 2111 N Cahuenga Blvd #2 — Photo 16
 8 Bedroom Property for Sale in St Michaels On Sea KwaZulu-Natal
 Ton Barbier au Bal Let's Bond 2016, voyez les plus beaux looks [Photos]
• • •
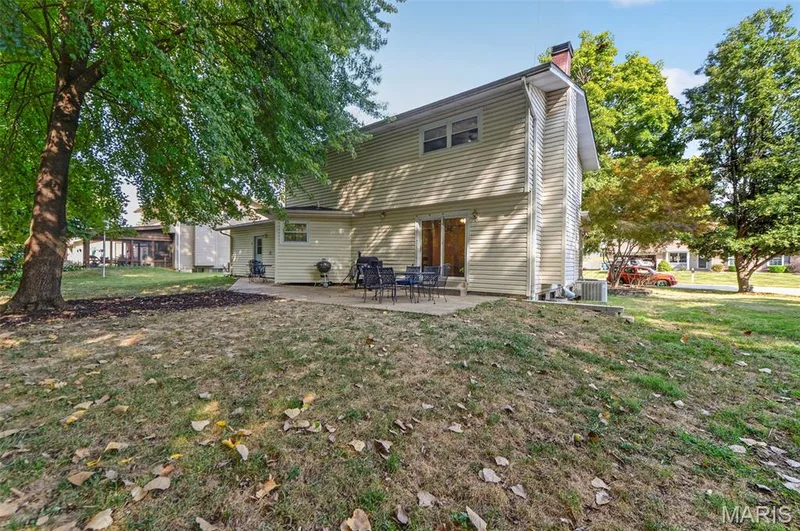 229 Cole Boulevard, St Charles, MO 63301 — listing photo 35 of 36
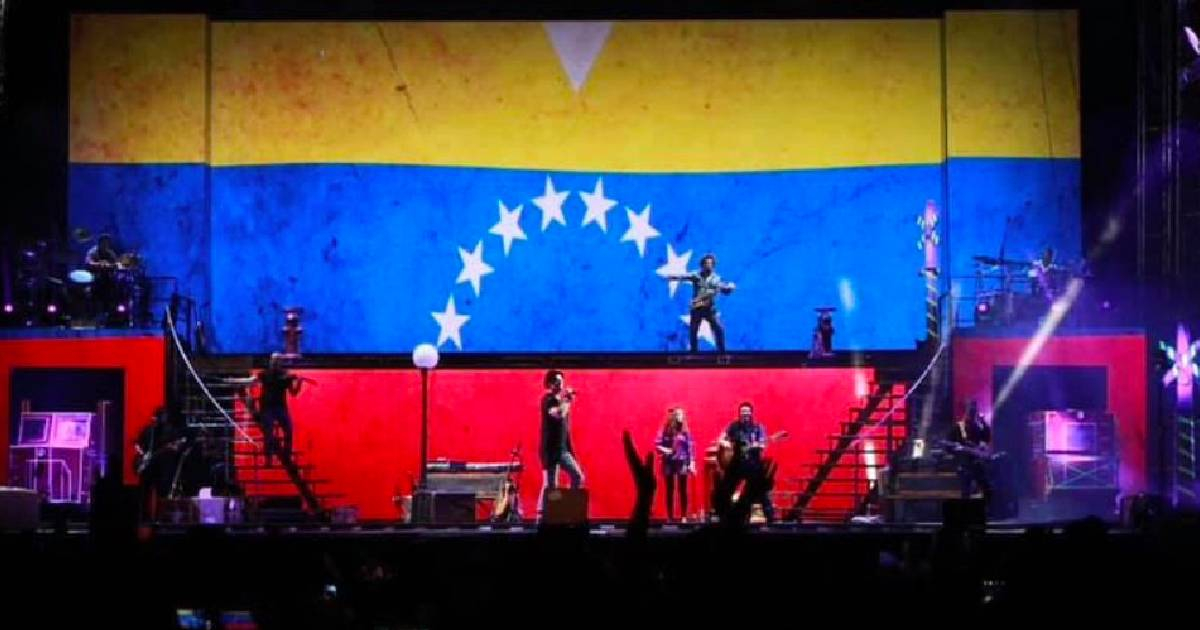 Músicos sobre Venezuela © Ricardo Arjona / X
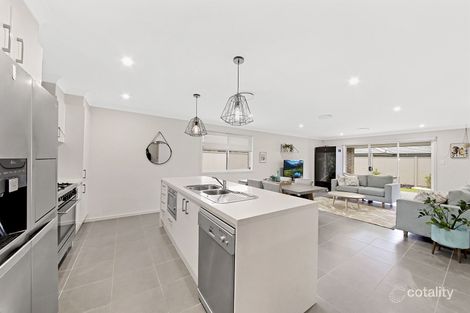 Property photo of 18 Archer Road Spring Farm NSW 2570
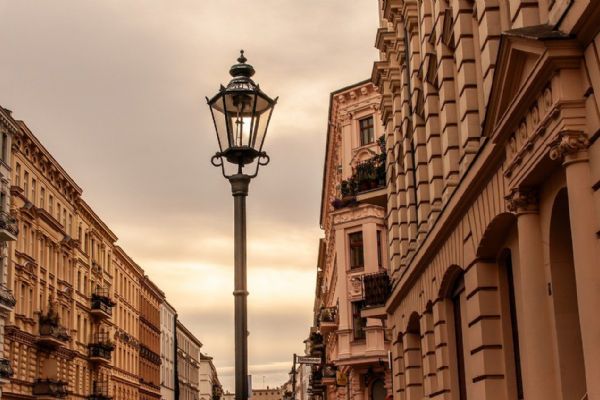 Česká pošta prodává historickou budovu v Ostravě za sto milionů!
• • •
## EXERCISE:
Everything above from the line with "2111 N Cahuenga Blvd #2 — Photo 16" to the line with "Ton Barbier au", both included, must be repeated exactly, and nothing outside that range.

## REPLY TO THE EXERCISE:
 2111 N Cahuenga Blvd #2 — Photo 16
 8 Bedroom Property for Sale in St Michaels On Sea KwaZulu-Natal
 Ton Barbier au Bal Let's Bond 2016, voyez les plus beaux looks [Photos]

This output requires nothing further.